* [Directions for this task]
Within the records below, reproduce without change the lines from the line that has "8 biện pháp" through the line that has "The Charm Of Freckled Faces", and only those.

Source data
* * * *
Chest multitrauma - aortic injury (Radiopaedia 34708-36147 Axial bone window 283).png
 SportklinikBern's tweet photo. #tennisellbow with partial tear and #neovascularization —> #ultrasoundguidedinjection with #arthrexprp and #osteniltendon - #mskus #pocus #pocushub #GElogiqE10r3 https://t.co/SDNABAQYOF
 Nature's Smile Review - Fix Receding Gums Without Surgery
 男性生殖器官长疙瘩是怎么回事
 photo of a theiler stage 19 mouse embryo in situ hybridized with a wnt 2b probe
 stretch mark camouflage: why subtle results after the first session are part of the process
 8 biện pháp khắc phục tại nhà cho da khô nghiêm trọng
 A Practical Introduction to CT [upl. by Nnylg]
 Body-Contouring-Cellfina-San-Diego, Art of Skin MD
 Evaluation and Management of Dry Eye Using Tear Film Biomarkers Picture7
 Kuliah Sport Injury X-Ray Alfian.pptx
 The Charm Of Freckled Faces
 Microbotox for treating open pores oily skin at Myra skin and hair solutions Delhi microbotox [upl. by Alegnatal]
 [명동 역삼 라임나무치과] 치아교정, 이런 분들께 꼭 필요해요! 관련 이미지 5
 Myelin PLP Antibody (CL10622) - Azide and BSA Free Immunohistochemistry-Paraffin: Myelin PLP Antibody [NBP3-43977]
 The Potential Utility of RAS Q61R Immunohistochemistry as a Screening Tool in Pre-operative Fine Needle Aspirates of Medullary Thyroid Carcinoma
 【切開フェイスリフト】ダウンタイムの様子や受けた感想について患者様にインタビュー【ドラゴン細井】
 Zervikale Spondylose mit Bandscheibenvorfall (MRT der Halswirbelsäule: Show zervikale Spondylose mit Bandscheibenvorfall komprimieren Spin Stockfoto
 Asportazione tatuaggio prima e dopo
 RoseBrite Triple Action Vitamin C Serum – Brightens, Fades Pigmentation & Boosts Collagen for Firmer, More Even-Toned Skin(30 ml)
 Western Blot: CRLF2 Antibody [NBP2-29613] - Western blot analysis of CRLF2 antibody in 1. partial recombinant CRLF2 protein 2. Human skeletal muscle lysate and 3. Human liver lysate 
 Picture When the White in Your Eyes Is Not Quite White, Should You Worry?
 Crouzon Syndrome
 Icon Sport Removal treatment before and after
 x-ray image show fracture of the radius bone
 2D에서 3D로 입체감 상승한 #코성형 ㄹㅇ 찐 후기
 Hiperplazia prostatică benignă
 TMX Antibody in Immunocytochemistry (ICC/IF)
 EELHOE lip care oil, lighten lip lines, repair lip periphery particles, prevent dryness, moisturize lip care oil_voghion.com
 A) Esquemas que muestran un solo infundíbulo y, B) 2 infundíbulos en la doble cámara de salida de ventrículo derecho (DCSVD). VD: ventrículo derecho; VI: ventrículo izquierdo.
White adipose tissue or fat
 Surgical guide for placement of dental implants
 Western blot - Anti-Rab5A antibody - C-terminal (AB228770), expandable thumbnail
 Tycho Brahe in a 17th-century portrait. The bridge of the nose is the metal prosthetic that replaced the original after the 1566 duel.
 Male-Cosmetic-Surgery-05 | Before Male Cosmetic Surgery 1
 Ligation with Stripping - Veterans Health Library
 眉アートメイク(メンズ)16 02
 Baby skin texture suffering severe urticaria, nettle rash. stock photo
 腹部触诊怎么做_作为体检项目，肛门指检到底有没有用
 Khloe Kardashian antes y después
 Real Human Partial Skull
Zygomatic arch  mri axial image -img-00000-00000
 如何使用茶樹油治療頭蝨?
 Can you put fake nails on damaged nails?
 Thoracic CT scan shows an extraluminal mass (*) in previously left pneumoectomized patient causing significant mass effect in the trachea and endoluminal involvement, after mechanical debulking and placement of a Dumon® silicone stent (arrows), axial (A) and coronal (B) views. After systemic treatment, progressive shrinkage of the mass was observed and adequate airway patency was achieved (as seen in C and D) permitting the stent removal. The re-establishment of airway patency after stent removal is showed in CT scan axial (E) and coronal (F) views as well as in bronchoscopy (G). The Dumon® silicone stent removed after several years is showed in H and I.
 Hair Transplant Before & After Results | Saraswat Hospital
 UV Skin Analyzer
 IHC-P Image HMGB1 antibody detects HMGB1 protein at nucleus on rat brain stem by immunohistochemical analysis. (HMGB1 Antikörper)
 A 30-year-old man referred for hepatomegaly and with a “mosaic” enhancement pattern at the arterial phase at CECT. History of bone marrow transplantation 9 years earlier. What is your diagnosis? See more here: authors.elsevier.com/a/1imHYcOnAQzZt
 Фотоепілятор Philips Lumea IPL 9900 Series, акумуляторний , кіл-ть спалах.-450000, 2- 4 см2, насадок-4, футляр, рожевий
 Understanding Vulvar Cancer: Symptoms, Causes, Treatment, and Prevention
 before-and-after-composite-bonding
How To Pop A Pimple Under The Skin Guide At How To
* * * *
* [Solution for this problem]
 8 biện pháp khắc phục tại nhà cho da khô nghiêm trọng
 A Practical Introduction to CT [upl. by Nnylg]
 Body-Contouring-Cellfina-San-Diego, Art of Skin MD
 Evaluation and Management of Dry Eye Using Tear Film Biomarkers Picture7
 Kuliah Sport Injury X-Ray Alfian.pptx
 The Charm Of Freckled Faces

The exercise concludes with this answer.